= Communauté des Religieuses Filles de Notre-Dame du Cap-Français =

Communauté des Religieuses Filles de Notre-Dame du Cap-Français was a convent in Cap-Français in Saint-Domingue, active from 1731 to 1793. It was a public institution which functioned as a refuge for women and a school for girls, presumable the only such institution in the colony.

The convent was founded in November 1731 by the order of Mère Jeanne Lestonnac from Bordeaux in France: the order had connections to the Jesuits, and the members in the colony were referred to as jesuitine. They wore a black habit.

The convent had an obligation to give refuge to every female in need, usually separated and divorced women. During the 1780s, it housed 18 nuns and novices, and 40-50 female guests.
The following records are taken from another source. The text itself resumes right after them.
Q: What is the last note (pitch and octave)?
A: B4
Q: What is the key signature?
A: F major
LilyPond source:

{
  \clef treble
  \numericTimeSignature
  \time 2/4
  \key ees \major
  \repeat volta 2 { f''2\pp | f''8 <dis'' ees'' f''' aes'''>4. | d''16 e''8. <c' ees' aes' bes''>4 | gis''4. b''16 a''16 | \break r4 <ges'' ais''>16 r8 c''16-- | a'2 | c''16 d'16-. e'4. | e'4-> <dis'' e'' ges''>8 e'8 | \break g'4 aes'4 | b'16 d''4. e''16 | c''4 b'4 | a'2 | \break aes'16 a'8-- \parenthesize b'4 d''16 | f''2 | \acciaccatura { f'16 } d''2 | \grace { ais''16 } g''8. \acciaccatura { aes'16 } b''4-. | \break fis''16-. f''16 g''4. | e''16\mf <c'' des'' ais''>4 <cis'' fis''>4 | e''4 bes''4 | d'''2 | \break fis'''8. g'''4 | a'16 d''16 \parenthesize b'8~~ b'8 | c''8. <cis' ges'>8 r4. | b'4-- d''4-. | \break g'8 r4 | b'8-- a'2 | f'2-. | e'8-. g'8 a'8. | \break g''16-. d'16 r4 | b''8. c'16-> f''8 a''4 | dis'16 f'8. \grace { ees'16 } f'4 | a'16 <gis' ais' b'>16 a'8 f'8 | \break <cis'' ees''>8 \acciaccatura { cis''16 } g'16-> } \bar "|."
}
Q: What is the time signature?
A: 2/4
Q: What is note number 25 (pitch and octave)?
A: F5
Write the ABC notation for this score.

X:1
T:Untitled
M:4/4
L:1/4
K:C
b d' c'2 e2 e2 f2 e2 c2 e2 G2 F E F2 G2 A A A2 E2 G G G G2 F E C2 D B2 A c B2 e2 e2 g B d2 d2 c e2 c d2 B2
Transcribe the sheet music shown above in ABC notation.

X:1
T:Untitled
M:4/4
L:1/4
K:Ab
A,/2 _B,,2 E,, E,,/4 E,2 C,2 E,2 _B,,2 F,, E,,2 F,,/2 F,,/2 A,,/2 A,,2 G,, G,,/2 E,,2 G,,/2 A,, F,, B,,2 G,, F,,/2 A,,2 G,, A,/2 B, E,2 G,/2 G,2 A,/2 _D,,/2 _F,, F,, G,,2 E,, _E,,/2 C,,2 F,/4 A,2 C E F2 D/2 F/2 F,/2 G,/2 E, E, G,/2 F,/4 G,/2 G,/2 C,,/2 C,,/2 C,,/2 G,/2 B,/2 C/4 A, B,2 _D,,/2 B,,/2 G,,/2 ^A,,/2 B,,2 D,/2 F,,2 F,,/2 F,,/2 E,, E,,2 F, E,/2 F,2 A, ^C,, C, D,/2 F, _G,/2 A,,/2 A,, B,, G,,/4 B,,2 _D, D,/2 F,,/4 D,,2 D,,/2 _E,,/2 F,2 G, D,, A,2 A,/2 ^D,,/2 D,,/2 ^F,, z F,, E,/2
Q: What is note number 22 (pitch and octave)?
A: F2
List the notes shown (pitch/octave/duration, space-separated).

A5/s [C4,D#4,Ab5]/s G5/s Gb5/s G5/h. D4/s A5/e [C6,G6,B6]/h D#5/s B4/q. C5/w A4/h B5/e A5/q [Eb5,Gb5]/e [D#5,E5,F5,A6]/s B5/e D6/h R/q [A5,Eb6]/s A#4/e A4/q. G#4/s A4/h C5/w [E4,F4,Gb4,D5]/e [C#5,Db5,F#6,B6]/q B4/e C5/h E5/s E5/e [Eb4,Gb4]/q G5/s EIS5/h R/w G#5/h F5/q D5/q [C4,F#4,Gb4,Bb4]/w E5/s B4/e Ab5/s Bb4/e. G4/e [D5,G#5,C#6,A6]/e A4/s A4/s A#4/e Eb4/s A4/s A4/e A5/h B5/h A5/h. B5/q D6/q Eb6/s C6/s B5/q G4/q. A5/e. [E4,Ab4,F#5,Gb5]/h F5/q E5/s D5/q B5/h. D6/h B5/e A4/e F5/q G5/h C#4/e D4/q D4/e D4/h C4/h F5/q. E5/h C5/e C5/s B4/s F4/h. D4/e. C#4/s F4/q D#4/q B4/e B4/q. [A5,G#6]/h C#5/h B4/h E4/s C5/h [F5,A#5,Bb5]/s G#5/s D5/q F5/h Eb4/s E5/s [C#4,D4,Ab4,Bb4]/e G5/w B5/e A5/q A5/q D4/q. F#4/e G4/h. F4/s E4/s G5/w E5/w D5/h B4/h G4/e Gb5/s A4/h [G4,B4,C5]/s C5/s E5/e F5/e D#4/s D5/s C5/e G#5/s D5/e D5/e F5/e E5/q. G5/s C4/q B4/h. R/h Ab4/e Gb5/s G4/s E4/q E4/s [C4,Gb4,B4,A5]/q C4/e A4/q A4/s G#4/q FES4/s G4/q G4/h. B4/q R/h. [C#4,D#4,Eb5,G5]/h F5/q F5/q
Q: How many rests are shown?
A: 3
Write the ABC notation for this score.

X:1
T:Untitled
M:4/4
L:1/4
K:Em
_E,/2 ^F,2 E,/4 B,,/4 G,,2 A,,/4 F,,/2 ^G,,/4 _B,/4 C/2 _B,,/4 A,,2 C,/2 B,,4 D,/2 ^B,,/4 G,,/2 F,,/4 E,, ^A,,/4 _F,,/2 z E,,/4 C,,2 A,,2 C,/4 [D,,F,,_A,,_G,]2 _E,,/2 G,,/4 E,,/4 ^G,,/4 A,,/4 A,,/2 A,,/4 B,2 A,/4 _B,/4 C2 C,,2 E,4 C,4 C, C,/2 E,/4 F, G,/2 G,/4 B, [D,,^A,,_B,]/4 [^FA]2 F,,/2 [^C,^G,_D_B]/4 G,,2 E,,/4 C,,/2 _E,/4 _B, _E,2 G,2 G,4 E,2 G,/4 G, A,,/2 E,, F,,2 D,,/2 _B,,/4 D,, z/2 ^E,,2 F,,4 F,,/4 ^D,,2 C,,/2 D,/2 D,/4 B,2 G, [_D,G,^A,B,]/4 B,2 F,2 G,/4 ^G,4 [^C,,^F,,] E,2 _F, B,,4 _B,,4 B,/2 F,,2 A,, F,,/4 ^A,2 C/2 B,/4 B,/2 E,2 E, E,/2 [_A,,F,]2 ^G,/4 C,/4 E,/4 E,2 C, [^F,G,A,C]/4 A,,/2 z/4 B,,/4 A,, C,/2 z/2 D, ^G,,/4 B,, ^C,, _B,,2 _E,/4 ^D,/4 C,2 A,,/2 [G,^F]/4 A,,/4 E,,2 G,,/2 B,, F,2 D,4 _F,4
The convent also housed the only confirmed school for girls in the colony, which offered reading, writing and arithmetic. In accordance with the wishes of the abbess Marie de Cambolas (1697-1757), it accepted students of all races. Shortly before the Haitian Revolution in 1791, there was a report that several of its students had been enrolled by the student "Princess Amethyst" in the voodoo religion.

The convent was likely destroyed during the Pillage of Cap-Français in 20-26 June 1793, when most of the city was burnt and the white population took refuge in the ships of the harbour and departed with them.